▶ SUPPLIED MATERIAL
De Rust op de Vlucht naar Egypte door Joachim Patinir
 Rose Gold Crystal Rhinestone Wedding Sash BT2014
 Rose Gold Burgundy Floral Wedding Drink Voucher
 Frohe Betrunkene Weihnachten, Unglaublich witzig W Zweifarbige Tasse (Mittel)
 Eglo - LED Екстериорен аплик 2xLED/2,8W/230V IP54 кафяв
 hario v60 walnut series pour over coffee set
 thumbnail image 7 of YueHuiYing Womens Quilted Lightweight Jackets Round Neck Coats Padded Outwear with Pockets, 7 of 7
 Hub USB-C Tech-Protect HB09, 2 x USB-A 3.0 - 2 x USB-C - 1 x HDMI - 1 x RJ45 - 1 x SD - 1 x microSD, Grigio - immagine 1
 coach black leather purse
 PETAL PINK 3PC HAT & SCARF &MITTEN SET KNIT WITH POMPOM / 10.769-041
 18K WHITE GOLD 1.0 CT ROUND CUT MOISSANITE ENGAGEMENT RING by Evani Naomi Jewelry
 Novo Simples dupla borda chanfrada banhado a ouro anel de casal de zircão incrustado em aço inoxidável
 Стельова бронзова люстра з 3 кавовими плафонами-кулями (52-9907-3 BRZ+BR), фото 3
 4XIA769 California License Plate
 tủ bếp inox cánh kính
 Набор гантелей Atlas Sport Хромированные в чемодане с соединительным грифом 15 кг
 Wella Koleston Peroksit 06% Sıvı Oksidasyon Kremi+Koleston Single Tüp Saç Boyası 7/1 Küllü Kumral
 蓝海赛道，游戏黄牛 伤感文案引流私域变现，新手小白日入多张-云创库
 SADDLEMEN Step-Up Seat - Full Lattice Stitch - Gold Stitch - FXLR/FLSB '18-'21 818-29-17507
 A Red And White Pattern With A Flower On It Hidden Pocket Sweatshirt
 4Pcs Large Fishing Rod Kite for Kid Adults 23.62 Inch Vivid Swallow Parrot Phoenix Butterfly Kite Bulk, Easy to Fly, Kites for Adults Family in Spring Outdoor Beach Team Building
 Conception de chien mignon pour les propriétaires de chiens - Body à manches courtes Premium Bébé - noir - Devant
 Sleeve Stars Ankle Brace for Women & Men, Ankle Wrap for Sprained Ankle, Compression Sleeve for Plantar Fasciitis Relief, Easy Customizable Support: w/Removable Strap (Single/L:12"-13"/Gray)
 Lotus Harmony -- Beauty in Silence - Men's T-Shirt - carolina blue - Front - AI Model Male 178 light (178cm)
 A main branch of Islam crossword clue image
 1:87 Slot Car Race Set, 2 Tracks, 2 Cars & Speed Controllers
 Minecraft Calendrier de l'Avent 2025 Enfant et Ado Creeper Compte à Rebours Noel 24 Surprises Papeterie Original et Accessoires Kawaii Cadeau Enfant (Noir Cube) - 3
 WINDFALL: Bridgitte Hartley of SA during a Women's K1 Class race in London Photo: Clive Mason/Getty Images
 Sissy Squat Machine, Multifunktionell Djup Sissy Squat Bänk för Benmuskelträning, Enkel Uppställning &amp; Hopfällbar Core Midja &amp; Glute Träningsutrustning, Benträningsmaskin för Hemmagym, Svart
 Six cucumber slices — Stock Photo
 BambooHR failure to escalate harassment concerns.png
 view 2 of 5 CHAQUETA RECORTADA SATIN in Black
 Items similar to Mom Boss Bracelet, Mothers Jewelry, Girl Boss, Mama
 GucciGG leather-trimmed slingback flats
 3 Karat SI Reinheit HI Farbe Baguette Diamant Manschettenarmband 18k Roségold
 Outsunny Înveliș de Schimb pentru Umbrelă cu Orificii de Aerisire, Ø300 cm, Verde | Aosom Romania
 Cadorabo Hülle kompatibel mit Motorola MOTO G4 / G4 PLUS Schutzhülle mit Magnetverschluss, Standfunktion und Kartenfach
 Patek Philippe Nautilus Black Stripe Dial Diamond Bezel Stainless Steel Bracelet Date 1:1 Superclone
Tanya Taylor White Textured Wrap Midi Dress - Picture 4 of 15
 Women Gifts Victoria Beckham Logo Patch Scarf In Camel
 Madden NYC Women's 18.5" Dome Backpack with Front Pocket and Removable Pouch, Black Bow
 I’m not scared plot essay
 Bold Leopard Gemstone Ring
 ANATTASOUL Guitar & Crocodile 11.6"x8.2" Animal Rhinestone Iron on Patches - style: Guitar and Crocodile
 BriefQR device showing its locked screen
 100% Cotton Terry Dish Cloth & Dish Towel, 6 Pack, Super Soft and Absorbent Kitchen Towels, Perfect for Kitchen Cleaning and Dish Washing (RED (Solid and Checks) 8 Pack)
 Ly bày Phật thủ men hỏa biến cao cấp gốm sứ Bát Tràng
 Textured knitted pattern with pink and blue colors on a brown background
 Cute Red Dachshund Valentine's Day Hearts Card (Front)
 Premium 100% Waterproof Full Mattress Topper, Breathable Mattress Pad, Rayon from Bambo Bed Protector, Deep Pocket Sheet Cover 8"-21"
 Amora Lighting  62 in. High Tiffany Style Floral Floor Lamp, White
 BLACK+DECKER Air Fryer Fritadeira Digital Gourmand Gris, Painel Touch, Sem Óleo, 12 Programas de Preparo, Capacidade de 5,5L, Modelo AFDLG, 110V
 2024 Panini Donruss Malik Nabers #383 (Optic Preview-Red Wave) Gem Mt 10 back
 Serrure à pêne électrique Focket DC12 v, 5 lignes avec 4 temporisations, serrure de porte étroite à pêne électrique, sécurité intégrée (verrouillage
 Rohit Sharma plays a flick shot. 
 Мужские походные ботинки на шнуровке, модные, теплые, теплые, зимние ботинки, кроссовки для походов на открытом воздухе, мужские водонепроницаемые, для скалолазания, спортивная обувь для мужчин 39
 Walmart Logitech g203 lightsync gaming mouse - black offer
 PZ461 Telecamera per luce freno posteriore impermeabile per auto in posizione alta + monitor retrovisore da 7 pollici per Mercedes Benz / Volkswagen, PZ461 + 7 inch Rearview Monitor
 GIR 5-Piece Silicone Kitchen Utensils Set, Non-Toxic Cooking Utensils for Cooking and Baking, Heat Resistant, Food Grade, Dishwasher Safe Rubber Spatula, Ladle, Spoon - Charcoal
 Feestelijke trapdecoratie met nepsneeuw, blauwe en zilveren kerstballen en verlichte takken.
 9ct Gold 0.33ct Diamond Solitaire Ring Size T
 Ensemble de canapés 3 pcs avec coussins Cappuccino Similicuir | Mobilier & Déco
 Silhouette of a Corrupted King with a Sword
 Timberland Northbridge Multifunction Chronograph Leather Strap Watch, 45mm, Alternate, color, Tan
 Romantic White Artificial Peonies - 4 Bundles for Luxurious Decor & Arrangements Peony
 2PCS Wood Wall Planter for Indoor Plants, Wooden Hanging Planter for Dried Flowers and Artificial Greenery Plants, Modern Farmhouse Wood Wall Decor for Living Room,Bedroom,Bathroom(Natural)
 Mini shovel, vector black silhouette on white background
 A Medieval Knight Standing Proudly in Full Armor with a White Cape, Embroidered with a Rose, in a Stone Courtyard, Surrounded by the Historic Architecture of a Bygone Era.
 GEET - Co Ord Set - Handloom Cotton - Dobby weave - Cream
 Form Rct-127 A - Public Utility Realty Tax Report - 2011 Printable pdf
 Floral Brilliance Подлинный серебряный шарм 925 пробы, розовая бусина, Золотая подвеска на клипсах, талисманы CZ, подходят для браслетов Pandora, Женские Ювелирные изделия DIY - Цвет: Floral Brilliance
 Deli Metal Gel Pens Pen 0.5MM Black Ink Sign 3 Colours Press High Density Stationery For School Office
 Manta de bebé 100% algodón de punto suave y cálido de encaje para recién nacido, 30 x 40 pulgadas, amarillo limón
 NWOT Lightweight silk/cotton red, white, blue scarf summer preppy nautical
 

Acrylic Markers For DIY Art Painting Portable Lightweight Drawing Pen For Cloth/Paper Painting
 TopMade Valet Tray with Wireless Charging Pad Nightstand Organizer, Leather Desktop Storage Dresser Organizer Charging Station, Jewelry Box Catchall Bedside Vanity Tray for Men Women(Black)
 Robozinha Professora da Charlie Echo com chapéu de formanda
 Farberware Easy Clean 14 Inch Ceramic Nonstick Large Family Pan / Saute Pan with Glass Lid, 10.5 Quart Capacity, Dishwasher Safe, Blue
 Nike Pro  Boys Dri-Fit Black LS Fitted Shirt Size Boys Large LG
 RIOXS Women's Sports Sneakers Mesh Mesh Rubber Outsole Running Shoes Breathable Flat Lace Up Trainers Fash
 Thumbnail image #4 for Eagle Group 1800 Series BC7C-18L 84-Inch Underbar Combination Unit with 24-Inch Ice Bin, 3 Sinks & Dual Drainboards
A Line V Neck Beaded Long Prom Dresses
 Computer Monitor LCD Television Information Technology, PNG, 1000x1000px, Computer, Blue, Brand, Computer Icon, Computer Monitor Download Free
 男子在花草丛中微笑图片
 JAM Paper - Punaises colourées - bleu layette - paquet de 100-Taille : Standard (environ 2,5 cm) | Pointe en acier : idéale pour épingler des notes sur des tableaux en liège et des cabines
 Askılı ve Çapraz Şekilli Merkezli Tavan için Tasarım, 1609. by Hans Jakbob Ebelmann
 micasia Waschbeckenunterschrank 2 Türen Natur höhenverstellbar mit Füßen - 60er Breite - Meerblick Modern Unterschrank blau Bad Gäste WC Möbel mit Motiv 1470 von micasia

▶ TRY IT
If a line of the records includes the string "Rubber", copy it out.

▶ RESULT OF THE TASK
 GIR 5-Piece Silicone Kitchen Utensils Set, Non-Toxic Cooking Utensils for Cooking and Baking, Heat Resistant, Food Grade, Dishwasher Safe Rubber Spatula, Ladle, Spoon - Charcoal
 RIOXS Women's Sports Sneakers Mesh Mesh Rubber Outsole Running Shoes Breathable Flat Lace Up Trainers Fash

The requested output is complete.